Many spoilers ahead for a book that has been out for over two decades.
A Game of Thrones is perhaps best known for the way it subverts your expectations as a reader of epic fantasy.
Ned Stark loses his head. Daenerys Targaryen loses her lover, her pregnancy, and her army she needs to regain the throne of her father.
We end the first novel with none of our characters getting what they want. Instead, the rewards that seemed promised from the first pages are nowhere to be seen. If anything, those rewards are even farther away and achieving them is unimaginable.
Despite all those initial disruptions of the genre you think you know, I would say that A Clash of Kings is really where the knots to this epic get tied.
Again, this reread is full of surprises. All the little movements of tiny pieces that will pay off in a few thousand pages just flew right past me the first time. Of course, part of this is because no one expects a name mentioned briefly during conversation by secondary characters to launch into the heart of the narrative and start mucking about. But there’s so much of what comes later baked into this novel.
We see the beginnings of the Sparrows, the slave revolts, the intrusion of people like Euron Greyjoy and Beric Dondarrion, but we also see the foundations of Lady Stoneheart and Stannis’ decent into rage and vengeance. And then, of course, there are the prophecies Daenerys and Bran hear.
But I think there’s a single storyline in this novel that does much to explicate the whole of the series.
Before we dive into that, I just want to say how much I appreciate the structure of this series. Yes, it’s one massive story chopped up into several books. But Martin does the very wise thing of ensuring each individual volume has its own self-contained arc. We begin this novel with Stannis’ determination to claim the Iron Throne and we end the novel with his armies smashed to pieces, King Joffrey celebrating his consolidated power.
In this way, each novel has a central arc with various storylines stretching along in the background to be resolved later.
Anyway, I want to talk about Theon Greyjoy.
Before this novel, we don’t really know Theon. We know his father rose up in rebellion about ten years ago. When that rebellion was crushed, Theon was taken to be raised by Ned Stark.
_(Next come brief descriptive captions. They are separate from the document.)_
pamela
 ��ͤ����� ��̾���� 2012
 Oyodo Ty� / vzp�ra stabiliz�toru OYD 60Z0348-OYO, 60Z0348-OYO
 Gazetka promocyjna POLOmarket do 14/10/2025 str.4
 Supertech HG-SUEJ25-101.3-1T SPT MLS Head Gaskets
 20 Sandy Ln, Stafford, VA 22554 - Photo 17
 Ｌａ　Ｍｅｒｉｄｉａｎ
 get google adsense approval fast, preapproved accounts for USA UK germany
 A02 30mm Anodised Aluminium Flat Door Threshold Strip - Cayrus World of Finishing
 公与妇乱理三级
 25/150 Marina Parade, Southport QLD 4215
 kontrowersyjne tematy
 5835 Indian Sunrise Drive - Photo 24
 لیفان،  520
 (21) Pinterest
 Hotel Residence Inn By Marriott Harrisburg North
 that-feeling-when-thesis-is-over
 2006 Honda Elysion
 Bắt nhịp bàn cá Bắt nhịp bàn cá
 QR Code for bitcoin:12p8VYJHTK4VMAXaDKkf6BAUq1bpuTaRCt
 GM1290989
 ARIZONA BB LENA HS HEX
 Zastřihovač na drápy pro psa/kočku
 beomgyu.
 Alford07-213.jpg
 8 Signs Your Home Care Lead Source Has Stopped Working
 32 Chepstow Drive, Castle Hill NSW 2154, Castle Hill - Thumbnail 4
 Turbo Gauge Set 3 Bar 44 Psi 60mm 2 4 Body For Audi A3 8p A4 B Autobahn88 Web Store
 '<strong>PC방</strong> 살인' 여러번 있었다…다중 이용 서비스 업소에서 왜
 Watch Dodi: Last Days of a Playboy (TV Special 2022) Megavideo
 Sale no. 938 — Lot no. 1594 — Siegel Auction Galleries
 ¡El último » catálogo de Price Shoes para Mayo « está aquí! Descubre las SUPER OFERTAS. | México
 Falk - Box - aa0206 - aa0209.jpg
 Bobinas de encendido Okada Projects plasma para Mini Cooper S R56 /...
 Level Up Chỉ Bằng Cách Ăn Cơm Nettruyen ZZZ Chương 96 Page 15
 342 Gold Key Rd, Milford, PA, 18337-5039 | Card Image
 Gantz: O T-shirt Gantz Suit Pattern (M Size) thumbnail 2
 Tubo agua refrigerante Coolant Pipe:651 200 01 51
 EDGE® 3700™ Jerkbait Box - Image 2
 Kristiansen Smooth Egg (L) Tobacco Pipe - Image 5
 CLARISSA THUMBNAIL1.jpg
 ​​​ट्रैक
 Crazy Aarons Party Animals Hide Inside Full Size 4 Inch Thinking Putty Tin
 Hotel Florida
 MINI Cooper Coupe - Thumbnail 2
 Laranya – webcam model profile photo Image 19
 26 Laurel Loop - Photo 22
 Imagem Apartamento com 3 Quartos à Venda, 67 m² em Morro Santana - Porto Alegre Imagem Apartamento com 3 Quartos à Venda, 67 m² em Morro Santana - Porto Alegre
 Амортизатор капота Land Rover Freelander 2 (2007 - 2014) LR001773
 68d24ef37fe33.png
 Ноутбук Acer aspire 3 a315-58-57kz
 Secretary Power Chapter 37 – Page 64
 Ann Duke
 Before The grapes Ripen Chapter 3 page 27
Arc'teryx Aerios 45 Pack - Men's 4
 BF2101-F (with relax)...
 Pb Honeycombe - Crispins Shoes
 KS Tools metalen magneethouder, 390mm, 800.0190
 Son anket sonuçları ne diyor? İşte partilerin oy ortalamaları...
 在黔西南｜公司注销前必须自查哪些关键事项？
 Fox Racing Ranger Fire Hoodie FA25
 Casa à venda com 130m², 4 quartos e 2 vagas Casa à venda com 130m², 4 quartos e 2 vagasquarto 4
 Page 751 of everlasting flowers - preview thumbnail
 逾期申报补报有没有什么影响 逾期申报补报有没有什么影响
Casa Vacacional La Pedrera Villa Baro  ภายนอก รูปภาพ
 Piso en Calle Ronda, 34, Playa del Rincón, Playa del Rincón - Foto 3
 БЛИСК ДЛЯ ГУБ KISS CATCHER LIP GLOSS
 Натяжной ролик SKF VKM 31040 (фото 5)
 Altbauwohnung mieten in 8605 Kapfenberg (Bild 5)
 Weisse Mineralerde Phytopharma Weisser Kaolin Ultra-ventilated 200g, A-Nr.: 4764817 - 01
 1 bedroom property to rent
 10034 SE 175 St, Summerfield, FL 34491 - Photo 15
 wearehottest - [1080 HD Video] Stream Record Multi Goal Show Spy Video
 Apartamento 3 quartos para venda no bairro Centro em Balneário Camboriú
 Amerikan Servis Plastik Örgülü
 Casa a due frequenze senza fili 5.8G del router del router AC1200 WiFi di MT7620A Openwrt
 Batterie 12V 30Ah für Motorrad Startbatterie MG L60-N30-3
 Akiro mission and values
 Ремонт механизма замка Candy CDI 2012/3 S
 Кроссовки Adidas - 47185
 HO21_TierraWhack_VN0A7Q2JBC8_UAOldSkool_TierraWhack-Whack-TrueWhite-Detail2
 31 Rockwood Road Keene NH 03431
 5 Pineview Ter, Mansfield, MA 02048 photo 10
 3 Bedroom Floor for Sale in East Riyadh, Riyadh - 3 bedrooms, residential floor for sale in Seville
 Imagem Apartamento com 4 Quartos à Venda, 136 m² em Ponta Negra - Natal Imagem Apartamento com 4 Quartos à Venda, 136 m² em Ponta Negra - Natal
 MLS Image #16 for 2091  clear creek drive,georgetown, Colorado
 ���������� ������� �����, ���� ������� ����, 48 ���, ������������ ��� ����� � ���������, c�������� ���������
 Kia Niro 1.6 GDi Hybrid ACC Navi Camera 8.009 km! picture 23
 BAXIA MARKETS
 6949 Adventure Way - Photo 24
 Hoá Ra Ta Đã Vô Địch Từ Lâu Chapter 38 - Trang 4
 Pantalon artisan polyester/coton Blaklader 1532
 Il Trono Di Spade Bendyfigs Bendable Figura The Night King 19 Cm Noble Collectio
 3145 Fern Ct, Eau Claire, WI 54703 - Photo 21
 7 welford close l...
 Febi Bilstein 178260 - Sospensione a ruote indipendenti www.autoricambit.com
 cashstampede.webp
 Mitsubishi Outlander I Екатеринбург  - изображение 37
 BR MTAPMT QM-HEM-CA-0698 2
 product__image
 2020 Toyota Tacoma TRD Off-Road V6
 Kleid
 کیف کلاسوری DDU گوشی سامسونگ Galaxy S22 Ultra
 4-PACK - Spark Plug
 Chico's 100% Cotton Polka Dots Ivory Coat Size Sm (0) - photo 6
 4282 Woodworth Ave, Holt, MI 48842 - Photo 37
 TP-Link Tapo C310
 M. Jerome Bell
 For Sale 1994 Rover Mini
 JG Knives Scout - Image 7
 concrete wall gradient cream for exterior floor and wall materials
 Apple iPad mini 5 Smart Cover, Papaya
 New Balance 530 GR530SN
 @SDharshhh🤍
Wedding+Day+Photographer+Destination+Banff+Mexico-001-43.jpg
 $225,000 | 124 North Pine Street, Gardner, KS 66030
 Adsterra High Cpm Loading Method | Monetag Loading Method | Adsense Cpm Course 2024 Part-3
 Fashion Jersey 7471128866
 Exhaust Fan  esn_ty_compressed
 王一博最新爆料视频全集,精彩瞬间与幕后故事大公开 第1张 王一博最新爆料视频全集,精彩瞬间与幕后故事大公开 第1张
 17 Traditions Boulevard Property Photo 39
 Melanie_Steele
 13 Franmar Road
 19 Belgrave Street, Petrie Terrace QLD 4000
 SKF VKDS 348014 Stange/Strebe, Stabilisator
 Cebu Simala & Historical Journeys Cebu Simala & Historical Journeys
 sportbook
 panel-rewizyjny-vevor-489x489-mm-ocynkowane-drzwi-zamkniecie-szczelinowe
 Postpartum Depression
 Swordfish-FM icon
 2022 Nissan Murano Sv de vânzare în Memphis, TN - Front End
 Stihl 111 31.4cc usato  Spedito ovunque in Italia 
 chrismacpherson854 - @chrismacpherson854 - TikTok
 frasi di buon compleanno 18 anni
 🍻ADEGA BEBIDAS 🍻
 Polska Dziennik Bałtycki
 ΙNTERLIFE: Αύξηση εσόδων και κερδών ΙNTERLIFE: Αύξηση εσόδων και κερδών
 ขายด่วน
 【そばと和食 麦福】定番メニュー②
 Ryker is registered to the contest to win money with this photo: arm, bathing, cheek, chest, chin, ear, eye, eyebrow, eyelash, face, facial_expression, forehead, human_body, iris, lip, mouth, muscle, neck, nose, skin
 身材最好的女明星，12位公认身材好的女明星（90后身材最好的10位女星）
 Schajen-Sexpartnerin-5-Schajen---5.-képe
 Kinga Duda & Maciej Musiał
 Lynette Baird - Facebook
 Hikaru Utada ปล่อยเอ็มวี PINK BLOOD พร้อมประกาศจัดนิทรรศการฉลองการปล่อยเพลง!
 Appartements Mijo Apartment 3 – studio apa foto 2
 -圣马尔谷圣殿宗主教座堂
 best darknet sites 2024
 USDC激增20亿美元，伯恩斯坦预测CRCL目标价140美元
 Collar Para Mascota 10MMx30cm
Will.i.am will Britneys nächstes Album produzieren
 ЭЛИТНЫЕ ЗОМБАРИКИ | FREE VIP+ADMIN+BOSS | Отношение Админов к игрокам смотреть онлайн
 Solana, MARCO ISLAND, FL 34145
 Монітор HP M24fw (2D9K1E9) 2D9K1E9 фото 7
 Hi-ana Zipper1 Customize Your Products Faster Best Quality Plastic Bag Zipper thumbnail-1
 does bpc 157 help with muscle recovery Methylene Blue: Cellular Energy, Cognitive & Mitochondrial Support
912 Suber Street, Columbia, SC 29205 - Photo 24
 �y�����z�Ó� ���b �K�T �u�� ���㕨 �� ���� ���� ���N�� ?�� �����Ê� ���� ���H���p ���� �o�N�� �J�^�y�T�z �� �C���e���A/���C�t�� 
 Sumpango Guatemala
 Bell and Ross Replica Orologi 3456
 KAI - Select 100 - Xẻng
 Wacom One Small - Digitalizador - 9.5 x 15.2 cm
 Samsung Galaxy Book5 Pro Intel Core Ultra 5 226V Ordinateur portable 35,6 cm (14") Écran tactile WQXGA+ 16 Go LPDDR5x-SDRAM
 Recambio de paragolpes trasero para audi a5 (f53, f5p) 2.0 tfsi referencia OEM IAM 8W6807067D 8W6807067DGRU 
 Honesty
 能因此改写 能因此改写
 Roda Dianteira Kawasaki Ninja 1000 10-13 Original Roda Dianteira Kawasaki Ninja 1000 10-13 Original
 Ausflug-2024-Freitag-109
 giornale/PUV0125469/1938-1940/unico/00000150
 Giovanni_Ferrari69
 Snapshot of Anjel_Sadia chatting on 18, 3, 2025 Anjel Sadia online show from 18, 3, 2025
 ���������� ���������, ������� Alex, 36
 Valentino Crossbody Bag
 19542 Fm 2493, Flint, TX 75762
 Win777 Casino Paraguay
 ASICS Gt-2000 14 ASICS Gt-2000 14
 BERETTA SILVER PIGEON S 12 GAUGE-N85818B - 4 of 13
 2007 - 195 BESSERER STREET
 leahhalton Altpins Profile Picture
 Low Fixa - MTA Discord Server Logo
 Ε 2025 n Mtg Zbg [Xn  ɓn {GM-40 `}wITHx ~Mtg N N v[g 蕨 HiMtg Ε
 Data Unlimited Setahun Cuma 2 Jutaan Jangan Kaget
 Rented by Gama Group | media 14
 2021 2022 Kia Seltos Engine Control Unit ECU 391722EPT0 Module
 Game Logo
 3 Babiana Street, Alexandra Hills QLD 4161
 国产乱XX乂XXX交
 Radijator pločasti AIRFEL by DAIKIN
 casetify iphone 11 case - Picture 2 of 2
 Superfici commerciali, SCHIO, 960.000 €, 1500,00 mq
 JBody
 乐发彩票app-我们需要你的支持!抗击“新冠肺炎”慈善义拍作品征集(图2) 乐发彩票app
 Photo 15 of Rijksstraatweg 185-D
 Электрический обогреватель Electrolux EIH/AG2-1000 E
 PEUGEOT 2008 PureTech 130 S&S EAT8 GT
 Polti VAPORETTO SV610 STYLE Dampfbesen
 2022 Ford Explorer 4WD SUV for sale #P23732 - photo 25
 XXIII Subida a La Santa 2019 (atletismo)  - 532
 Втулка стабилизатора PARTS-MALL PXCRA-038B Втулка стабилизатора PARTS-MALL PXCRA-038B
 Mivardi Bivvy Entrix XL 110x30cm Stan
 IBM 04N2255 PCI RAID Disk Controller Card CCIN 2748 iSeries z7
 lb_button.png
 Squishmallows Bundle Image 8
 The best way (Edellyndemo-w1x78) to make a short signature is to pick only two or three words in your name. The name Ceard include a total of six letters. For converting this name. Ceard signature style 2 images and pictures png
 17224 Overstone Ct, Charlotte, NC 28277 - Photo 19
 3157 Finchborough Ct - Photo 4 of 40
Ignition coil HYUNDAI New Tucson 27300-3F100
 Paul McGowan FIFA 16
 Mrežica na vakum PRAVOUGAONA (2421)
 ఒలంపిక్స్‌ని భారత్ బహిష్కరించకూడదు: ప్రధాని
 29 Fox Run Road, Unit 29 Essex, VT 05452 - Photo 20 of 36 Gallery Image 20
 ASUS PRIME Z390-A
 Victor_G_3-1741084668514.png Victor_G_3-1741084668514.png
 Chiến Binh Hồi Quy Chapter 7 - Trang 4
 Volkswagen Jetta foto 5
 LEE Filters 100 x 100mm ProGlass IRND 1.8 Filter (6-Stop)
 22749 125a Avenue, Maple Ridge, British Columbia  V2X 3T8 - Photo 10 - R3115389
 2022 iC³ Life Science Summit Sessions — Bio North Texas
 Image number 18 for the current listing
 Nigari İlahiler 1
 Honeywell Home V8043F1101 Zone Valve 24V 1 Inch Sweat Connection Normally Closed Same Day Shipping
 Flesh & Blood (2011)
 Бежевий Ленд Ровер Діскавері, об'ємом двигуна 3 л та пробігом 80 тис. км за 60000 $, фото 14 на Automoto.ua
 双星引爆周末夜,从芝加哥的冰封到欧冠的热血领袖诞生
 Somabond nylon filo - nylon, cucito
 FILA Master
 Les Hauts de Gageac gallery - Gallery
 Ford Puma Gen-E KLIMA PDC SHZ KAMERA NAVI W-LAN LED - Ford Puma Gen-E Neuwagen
Theon is older than Robb and Jon and often appears with a wry, mocking smile.
From the little we see of him, we do understand that he’s at least a bit arrogant and disrespectful. He’s been in Winterfell a long time and has been treated well, but he remains separate.
It’s the first of many structural surprises Martin gives us with his choices of narrators. This is used most effectively in the next book with Jamie Lannister’s POV. Theon seemed rather inconsequential in A Game of Thrones, which makes it a bit surprising that we enter his head to push the story along.
And what we see in this first chapter through Theon’s eyes is a marked contrast between how he is perceived and how he wants to be understood. Arrogant and haughty, crass and cruel, he lords his status over commoners, abusing them for his own vanity and desires. He is, to put it bluntly, a shit.
He sucks real hard.
And everyone around him cowers away and obeys because, well, he’s the son of a great lord. Then he arrives on Pyke demanding the same deference. He is, after all, the son of the man who rules this kingdom.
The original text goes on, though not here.